Stocks rose on Thursday as better-than-expected data on home sales and employment lent support to the market after equities suffered their worst day in eight weeks in the previous session.

But trading was volatile as investors awaited a key vote on a bill to cut the U.S. deficit. A gridlock in talks over the country's debt ceiling and a possible downgrade of the United States' credit rating have weighed on global equities.

The S&P lost 2.6 percent for the week while the Dow fell 2.8 percent. The Nasdaq was off 2.7 percent.

After a 90 percent down day like yesterday and considering how intense the selling was, today's data is certainly lending support, said James Dailey, portfolio manager of TEAM Asset Strategy Fund in Harrisburg, Pennsylvania.

Part of the bounce today is also technical, (so) any kind of news from Washington could easily turn the market.

The Dow Jones industrial average <.DJI> was up 32.02 points, or 0.26 percent, at 12,334.57. The Standard & Poor's 500 Index <.SPX> was up 5.46 points, or 0.42 percent, at 1,310.35. The Nasdaq Composite Index <.IXIC> was up 19.76 points, or 0.71 percent, at 2,784.55.

Pending sales of existing U.S. homes unexpectedly rose 2.4 percent June from May and were up sharply from a year ago, a real estate trade group said on Thursday.

Further boosting optimism about the economy, new U.S. claims for jobless benefits fell more than expected last week, dropping below 400,000 for the first time since early April.

Exxon Mobil Corp , the world's largest publicly traded oil company, said higher oil prices contributed to a rise in its second-quarter profit, but results fell short of expectations. The stock fell 1.3 percent to $82.02.

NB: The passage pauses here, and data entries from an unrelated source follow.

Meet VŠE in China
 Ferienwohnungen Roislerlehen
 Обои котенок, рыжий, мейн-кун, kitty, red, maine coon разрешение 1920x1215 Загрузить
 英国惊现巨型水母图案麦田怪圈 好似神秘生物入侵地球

A bill to cut the U.S. deficit faced an extremely nail-bitingly close vote in Congress on Thursday as the top Republican lawmaker sought to quell an internal revolt and push his plan to avoid a ruinous default.

Approval of a plan by House of Representatives Speaker John Boehner would break the inertia in Washington over a U.S. debt crisis that has spooked markets and raised the prospect that the government of the world's largest economy will run out of money to pay its bills in less than a week.